I just read Harper Lee's To Kill a Mockingbird for the first time: I happened to see it sitting on a shelf at the library the other day.

The book lives up to its reputation: plot and characterization and prose style are all good. I got annoyed at Scout's older brother using "acting like a girl" as an insult, but it is entirely in character for anywhere in the U.S. in 1935 (and entirely plausible that I should be annoyed by how a random 11-year-old treats his younger sister). It wouldn't be that surprising, alas, even in 2006, though I can hope that in 2006 the sister might not immediately be persuaded not do whatever was labeled "acting like a girl."

I can't say, of course, whether a small Alabama town in 1935 really felt like Maycomb, but Lee's depiction is self-consistent and richly textured. So are Scout and Jem (her brother) and their father Atticus, their friend Dill, Calpurnia, and Boo Radley.

Lee's characters are dealing as best they can with difficult situations, difficult in ways both practical and ethical. I suspect that part of what gets this listed as "Young Adult" (that's the label on my library copy) and put into high school curriculum is largely Atticus talking about bravery and what it does and doesn't mean. (The back cover talks, of course, about "the crisis of conscience that rocked" the town, but part of Lee's point, I think, is how quickly so many people put things in the past.)

It's not going to be my favorite book, but I expect to reread it. (Besides, I like mockingbirds.)

From: [identity profile] juliansinger.livejournal.com


Heh. That /is/ one of my favorite books, mostly because I had it read to me by my mother, who quite evidently adored it. So when I re-read it on my own, I remember that enjoyment, and so on.

I think it's put on young adult reading lists because of the courage part, and the clear depiction of institutionalized racism (it's been banned in some places because it was seen as /supporting/ that institutionalization), and the wonderful, consistent characters.

From: [identity profile] dichroic.livejournal.com


I like Sean Stewart's Mockingbird too - not that the two have anything in common other than just being set in the South and being about coming to know yourself, but you did say you like them.

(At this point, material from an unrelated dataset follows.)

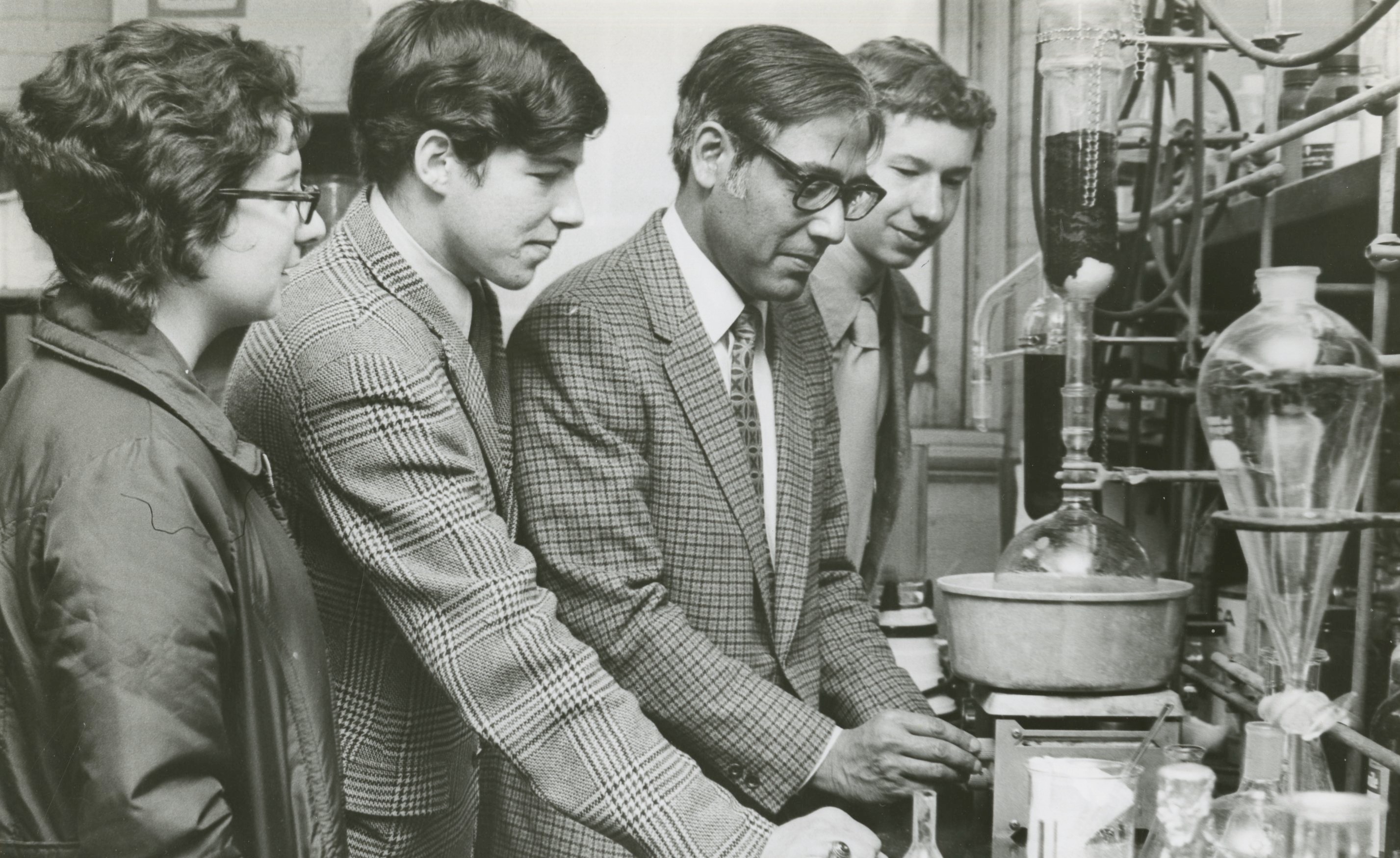 Dr. Ajay Bose works in a lab with three students in a vintage photo.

To Kill a Mockingbird was one of the things they made me read in school that I was glad of.

From: [identity profile] crazysoph.livejournal.com


I also got to read To Kill a Mockingbird in high school, and was very glad to have done so. My English teacher appreciated that she had a different "problem" in me than in the other students - I read loads, but it was all science fiction. (She didn't believe I'd read all those books at first, but discovered she'd popped the champagne cork when she asked me to give her synopses of "all those books", and I complied... with glee. It took great effort for her to get me to stop at "only" book three.)

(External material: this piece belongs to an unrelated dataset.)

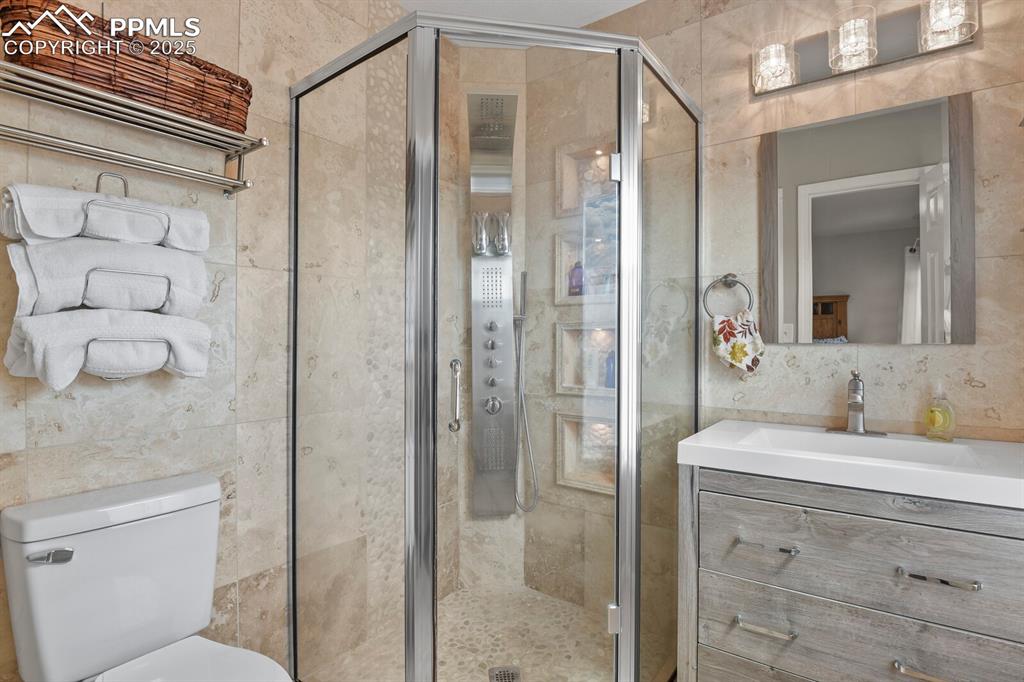 Image 15 of 31: Stylish Primary bathroom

After that, I think she did try to appreciate my favorite literature, but she definitely also applied herself to getting me to expand my own horizons (slight irony, given that expansion was into "mundane" literature, but I'm finally grateful).

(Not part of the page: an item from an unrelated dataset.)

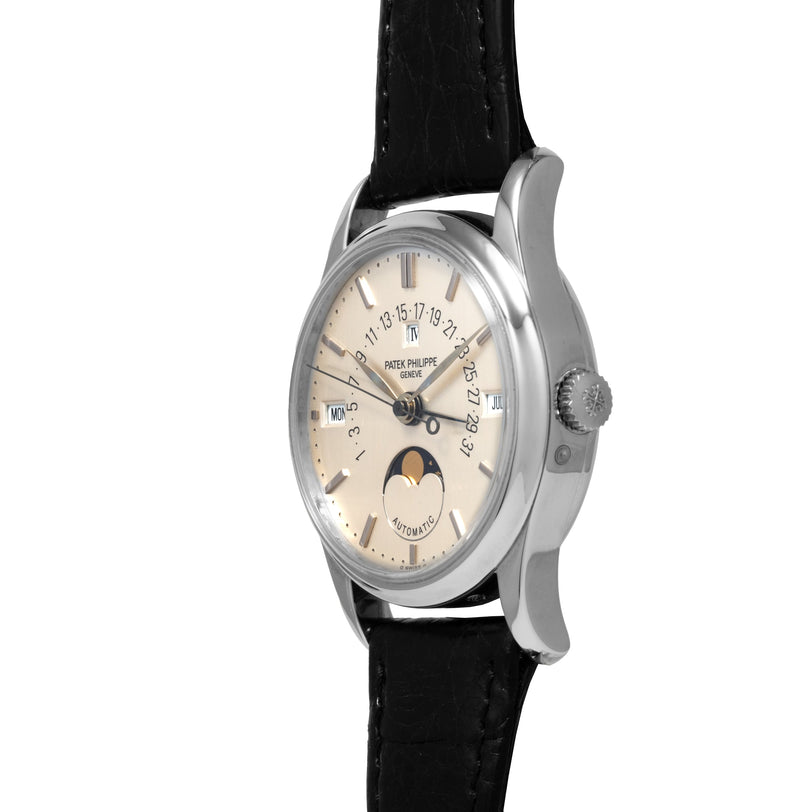 Patek Philippe Retrograde Perpetual Calendar luxury wristwatch featuring a black leather strap, moon phase, date, and day displays on a white background.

Crazy(of course, some books were better for reading at age 35 than 15 - I'd put a lot of Dickens in that catagory)Soph

From: [identity profile] wild-irises.livejournal.com


It's one of my favorite books, and I always like seeing someone discover it. The main reason it's labeled YA, of course, is that the protagonists are young adults.

And you do know that Truman Capote was the model for Dill, yes?

From: [identity profile] peake.livejournal.com


To Kill A Mockingbird is most certainly not classified as 'young adult' in the UK - or at least it wasn't when I read it many years ago, and you will only ever see it on the adult literature shelves in bookshops. Over here it is seen as a very serious book about racism and prejudice.

Of course, it is really nowhere near old enough to go through that mysterious process where a book for adults somehow transmogrifies into a book for kids - it probably needs another 10 or 20 years before that happens.

From: [identity profile] lizw.livejournal.com


Yes, I was surprised to see from this post that it's classified as YA in the States. I've also always assumed that the reason it figures on reading lists is for its portrayal of racism rather than anything else.

From: [identity profile] beginning.livejournal.com


That is one of my all-time favorites. As far as YA goes, it was added to a lot of high school reading lists for diversity purposes and hasn't really escaped that label since.